Note: This is something I originally wrote for the daily newsletter at the Columbia Journalism Review, where I’m the chief digital writer
For many people, YouTube is a place to kill time by watching sailing videos, or to pick up tips on how to train their dog, or change a car headlight. But the Google-owned video service also has a darker side, according to a number of news articles, including one from the New York Times last year. Some users, these stories say, start out looking at innocuous videos, but get pushed in the direction of more and more radical, inflammatory or even outright fake content. Those pushes come from YouTube’s recommendation algorithm, which some argue has turned the service into a “radicalization engine.” Does the network and the software that powers its video suggestions actually turn otherwise normal users into consumers of far-right conspiracy theories and other radical content, and if so what should be done about it?
Those are some of the questions we at CJR wanted to address, so we used our Galley discussion platform to convene a virtual panel of experts in what some call “automated propaganda,” including Dipayan Ghosh of Harvard’s Shorenstein Center, New York Times columnist Kevin Roose — who wrote last year’s Times piece on YouTube radicalization — as well as Brazilian researcher Virgilio Almeida, Aviv Ovadya of the Thoughtful Technology Project, former YouTube programmer Guillaume Chaslot, and Harvard misinformation researcher Joan Donovan. One trigger for this discussion was a research paper published recently that not only said YouTube is not a radicalization engine, but argued that its software actually accomplishes the opposite, by suggesting videos that push users in the direction of mainstream content. As part of our virtual Galley panel, we spoke to a co-author of that paper, Mark Ledwich.
In Twitter posts and on Medium, Ledwich took direct aim at the New York Times and Roose for perpetuating what he called the myth of YouTube algorithmic radicalization.
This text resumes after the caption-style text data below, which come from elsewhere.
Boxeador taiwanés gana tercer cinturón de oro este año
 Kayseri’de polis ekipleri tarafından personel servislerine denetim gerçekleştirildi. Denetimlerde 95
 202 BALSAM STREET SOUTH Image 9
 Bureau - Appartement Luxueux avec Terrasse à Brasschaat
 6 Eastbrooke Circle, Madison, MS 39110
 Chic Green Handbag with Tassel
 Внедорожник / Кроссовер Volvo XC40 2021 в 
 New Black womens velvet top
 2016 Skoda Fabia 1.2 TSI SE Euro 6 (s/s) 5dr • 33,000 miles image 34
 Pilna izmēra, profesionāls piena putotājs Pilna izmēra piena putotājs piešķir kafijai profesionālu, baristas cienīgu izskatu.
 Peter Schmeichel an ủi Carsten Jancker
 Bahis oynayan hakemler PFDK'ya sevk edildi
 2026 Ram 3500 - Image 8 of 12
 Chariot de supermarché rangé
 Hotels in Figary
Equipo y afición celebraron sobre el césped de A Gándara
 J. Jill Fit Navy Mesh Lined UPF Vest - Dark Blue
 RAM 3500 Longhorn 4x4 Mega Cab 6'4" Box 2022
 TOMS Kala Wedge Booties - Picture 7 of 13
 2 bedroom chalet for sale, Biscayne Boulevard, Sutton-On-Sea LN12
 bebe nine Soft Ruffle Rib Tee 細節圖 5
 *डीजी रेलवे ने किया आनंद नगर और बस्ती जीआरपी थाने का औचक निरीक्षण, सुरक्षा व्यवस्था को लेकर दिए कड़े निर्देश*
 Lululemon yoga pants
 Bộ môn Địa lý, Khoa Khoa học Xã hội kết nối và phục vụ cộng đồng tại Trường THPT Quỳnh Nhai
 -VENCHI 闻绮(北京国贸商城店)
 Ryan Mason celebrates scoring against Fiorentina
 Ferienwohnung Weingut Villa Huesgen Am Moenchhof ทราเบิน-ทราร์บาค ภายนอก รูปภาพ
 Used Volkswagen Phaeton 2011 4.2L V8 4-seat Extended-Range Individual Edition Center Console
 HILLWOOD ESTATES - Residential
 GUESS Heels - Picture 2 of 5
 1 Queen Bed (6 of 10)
In reality, he said, this theory showed that “old media titans, presenting themselves as non-partisan and authoritative, are in fact trapped in echo chambers of their own creation, and are no more incentivized to report the truth than YouTube grifters.” One of the main criticisms of the paper — which came from others in the field such as Arvind Narayanan of Princeton — was that the research was based on anonymized data, meaning none of the recommendations were personalized, the way they were in the New York Times piece (which used personal account data provided by the subject of the story). In his Galley interview, Ledwich pointed out that much of the research that others have used to support the radicalization theory is also based on anonymized data, in part because personalized data is so difficult to come by.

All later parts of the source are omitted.